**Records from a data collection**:
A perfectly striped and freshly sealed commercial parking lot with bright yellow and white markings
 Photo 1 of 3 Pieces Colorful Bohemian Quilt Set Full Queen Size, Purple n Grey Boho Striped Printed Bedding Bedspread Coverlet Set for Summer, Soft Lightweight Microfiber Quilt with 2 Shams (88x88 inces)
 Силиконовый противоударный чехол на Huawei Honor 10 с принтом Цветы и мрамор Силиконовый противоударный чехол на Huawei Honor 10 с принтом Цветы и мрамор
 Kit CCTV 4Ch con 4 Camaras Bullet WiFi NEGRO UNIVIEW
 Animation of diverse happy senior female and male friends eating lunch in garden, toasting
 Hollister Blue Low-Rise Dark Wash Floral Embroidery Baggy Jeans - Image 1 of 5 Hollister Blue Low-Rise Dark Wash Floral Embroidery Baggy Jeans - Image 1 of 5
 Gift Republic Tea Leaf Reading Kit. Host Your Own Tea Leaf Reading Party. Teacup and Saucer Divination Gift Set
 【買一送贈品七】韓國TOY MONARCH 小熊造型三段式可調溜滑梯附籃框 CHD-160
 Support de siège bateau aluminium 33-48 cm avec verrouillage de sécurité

**What you will do**: Repeat only the stretch of lines starting at the one containing "of 5 Hollister" and running to the final line of the entries above.

**Solution**:
 Hollister Blue Low-Rise Dark Wash Floral Embroidery Baggy Jeans - Image 1 of 5 Hollister Blue Low-Rise Dark Wash Floral Embroidery Baggy Jeans - Image 1 of 5
 Gift Republic Tea Leaf Reading Kit. Host Your Own Tea Leaf Reading Party. Teacup and Saucer Divination Gift Set
 【買一送贈品七】韓國TOY MONARCH 小熊造型三段式可調溜滑梯附籃框 CHD-160
 Support de siège bateau aluminium 33-48 cm avec verrouillage de sécurité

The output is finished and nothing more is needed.